Smart pointers instead of GC?
Steven Schveighoffer
schveiguy at yahoo.com
Tue Feb 4 11:43:52 PST 2014
On Tue, 04 Feb 2014 14:31:13 -0500, Andrei Alexandrescu
<SeeWebsiteForEmail at erdani.org> wrote:
> On 2/4/14, 11:28 AM, Steven Schveighoffer wrote:
>> Where you have to be cognizant is avoiding cycles. Plain and simple. And
>> it's not that difficult.
>
> Do you have evidence to back that up?
Does personal experience count? I can say that the main project I have
worked on in Objective-C uses manual reference counting, and when I have
done newer, but shorter/smaller, projects in ARC, it is much much easier
to deal with. Maybe my point of reference is tainted :)

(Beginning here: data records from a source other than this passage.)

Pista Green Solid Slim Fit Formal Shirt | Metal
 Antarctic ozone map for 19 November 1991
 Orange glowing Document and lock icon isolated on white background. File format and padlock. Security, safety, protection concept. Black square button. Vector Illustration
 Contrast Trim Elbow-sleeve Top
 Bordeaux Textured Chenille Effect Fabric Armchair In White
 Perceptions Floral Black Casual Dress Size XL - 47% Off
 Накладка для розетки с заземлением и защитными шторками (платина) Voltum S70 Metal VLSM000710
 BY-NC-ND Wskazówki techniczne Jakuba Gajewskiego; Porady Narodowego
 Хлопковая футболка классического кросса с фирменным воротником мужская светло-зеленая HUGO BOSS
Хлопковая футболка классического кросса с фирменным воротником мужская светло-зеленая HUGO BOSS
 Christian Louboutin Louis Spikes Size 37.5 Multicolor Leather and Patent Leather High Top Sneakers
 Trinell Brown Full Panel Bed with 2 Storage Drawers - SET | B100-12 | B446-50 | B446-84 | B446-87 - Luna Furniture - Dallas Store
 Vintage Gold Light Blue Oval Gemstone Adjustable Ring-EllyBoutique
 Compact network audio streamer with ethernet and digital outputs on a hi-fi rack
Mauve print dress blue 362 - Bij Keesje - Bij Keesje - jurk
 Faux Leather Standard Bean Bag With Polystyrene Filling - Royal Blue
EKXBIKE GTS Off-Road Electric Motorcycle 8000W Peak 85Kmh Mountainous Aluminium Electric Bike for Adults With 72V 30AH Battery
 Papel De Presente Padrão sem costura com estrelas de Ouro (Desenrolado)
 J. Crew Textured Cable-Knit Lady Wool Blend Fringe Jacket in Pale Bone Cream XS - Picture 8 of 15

If you use xcode to add member variables, it usually chooses the correct
attributes for them (weak or not).
But the code the compiler generates for ARC is pretty good. It has quirky
rules for naming methods and how you have to return objects (either
autorelease or retained), and will not let you do the wrong thing. You
also can't do ANY manual memory management in ARC code, it fails to
compile.
Trickier aspects are dealing with C structs, which are NOT reference
counted, so you have to deal with those manually using malloc/free (not
really different from D).
I will say that it really helps to have an understanding of how ARC is
actually implemented in the compiler (that is, the process it goes through
to add/elide reference increments and decrements).